___ Records to process
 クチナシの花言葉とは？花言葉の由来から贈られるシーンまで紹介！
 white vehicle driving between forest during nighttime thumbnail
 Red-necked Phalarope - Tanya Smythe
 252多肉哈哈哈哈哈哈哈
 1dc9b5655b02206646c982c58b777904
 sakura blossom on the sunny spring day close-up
______
___ Records to process
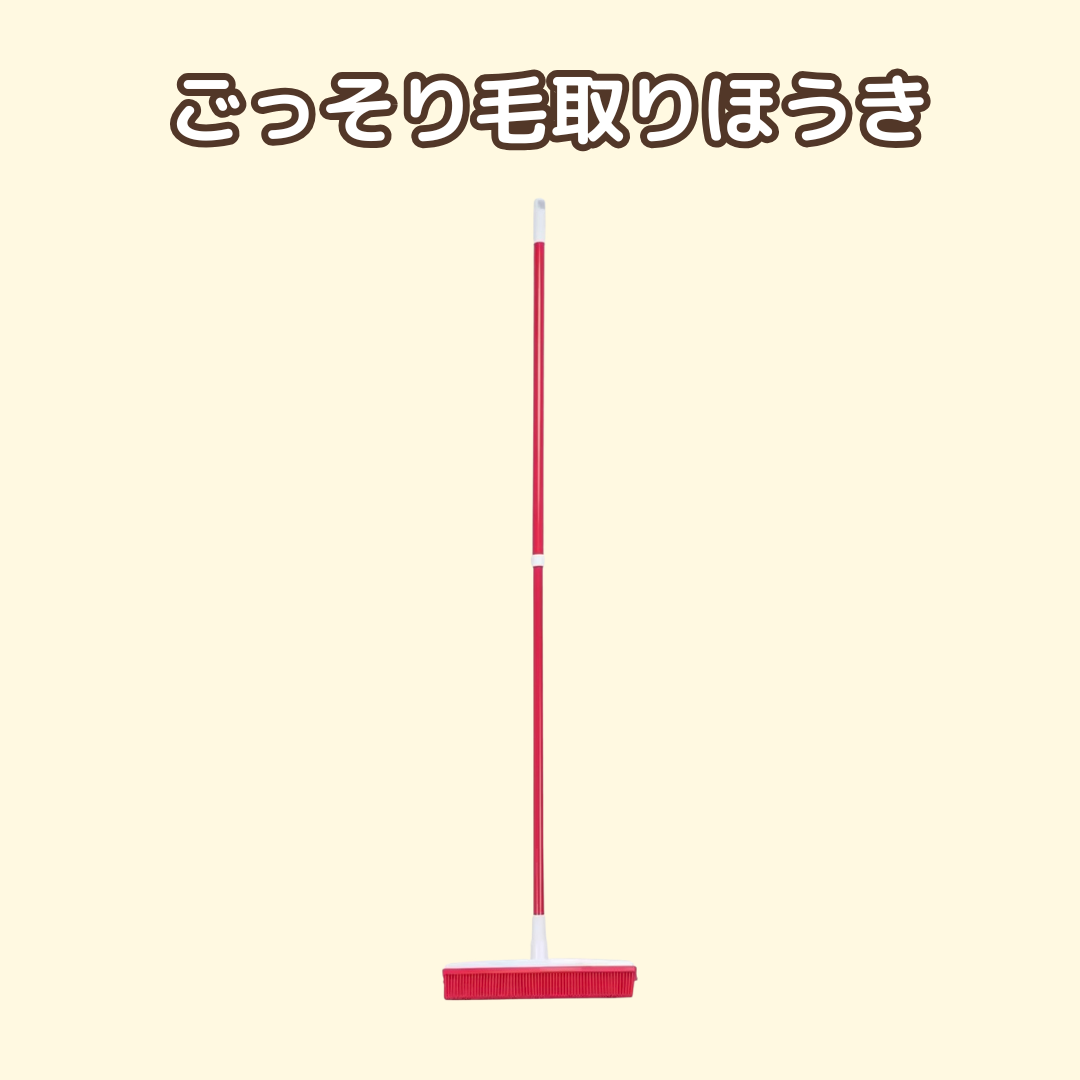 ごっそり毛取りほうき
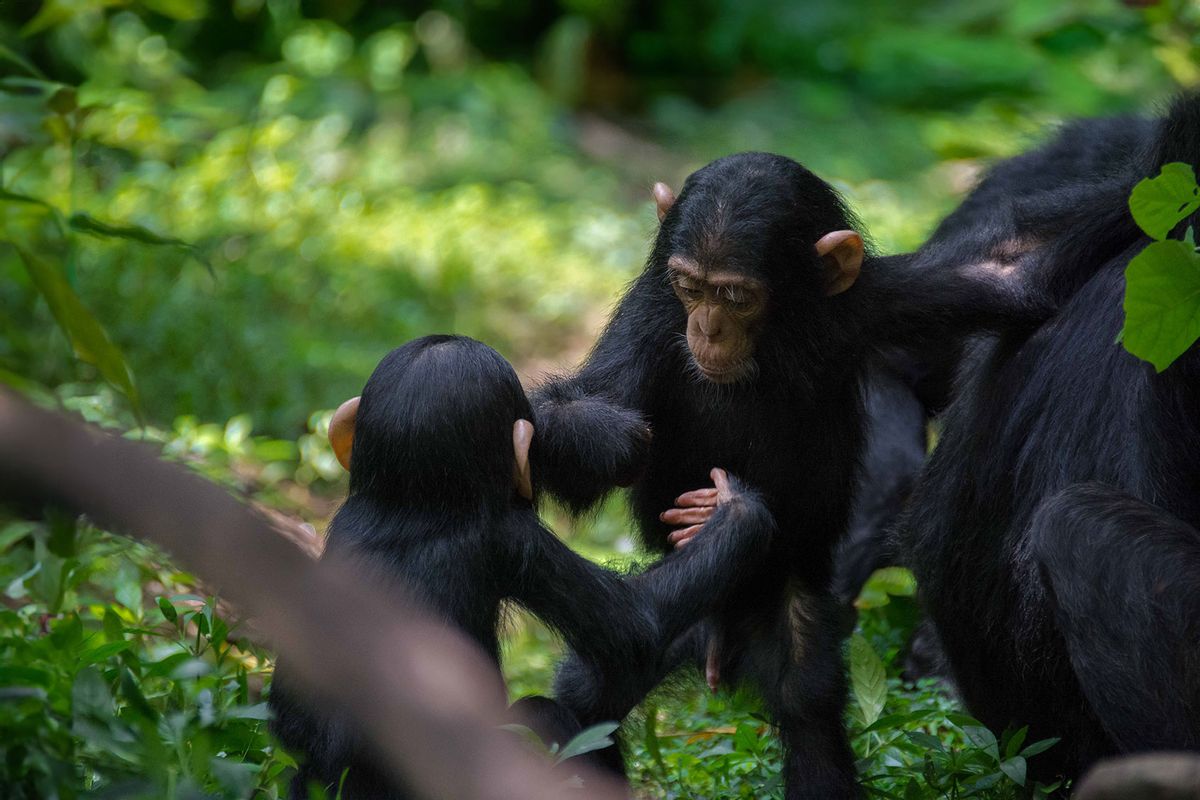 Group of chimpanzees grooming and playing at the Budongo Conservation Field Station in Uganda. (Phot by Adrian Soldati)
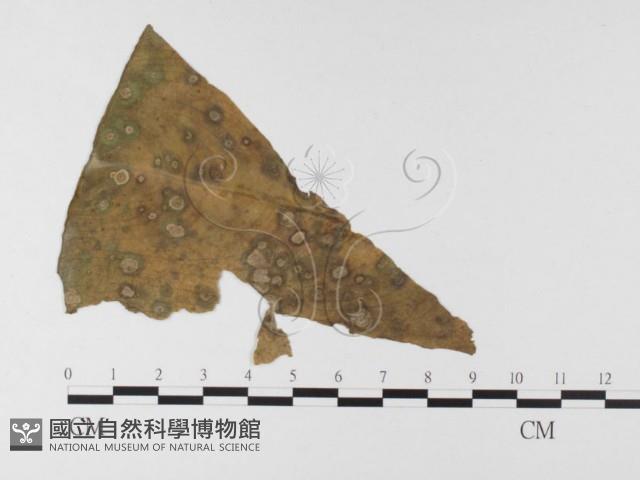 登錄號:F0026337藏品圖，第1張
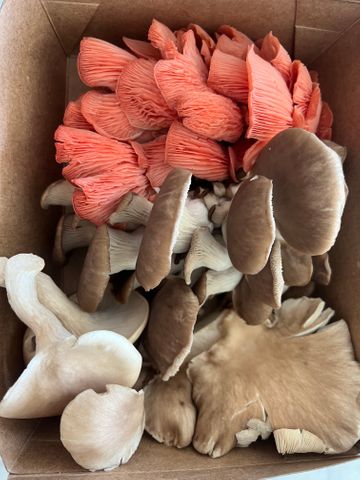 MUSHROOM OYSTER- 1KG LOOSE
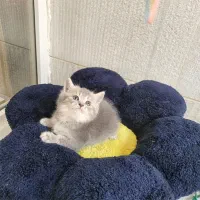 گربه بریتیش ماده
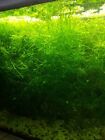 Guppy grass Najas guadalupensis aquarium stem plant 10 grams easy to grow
______
___ Records to process
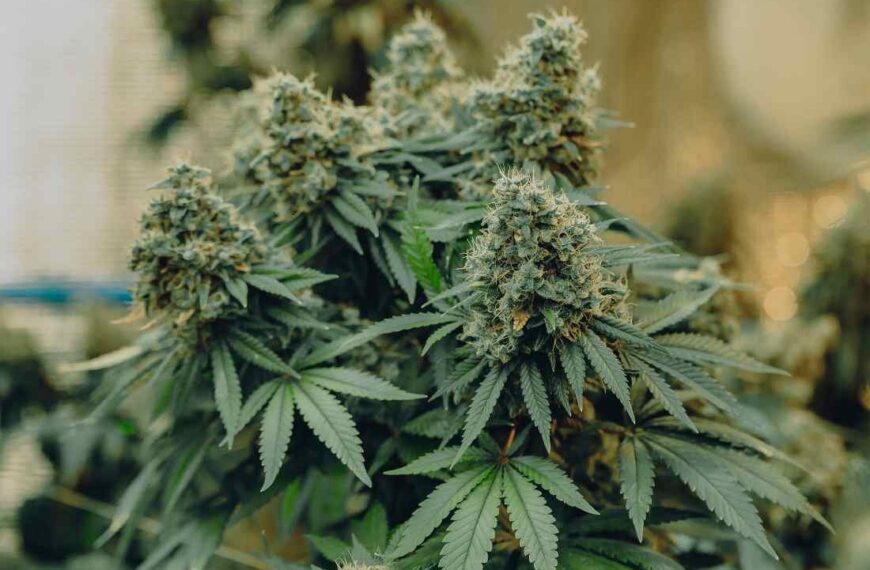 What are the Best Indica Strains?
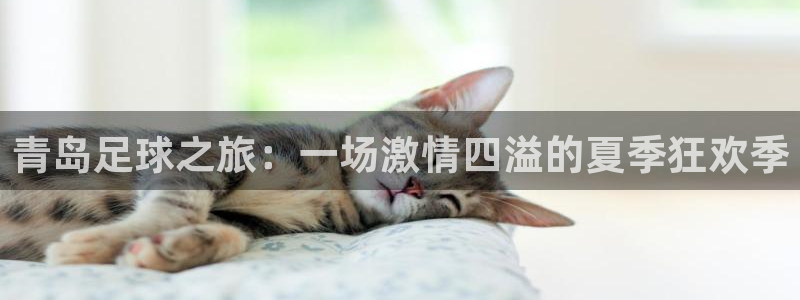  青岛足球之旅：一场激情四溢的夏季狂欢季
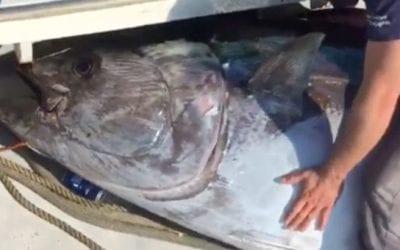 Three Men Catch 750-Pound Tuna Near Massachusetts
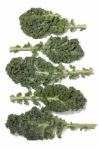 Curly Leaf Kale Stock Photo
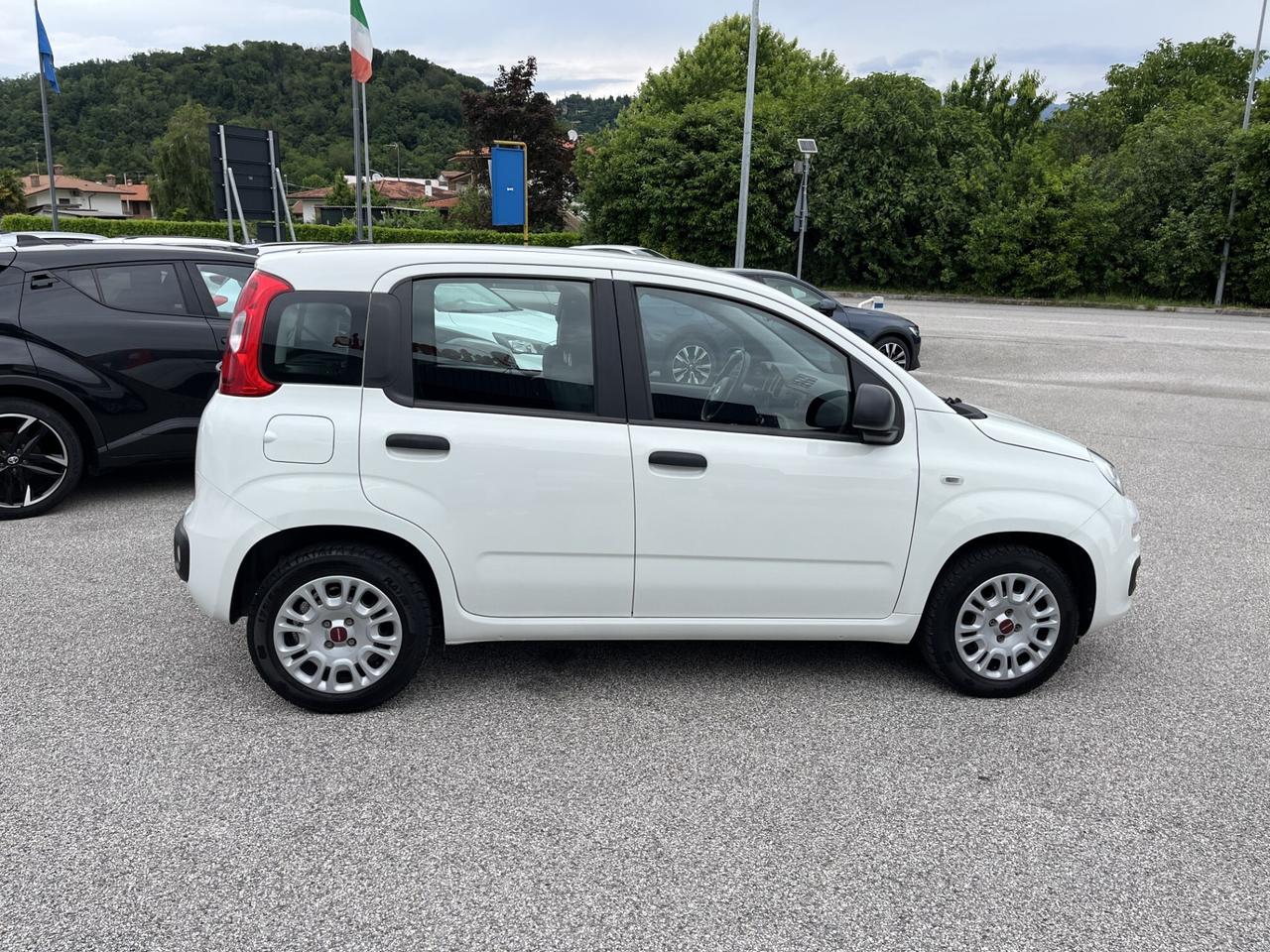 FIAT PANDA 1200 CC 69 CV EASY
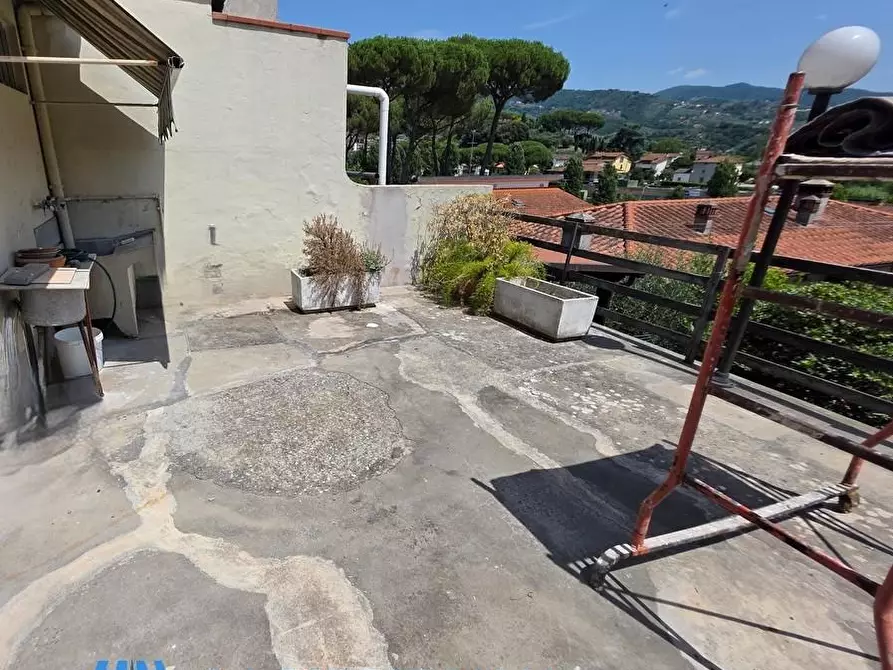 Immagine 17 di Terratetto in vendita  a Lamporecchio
______
◆ **Work instruction**
Looking at the data above, return every line from the one with "1dc9b5655b02206646c982c58b777904" down to the one with "sakura blossom on", exactly and inclusively.

◆ **Worked solution**
 1dc9b5655b02206646c982c58b777904
 sakura blossom on the sunny spring day close-up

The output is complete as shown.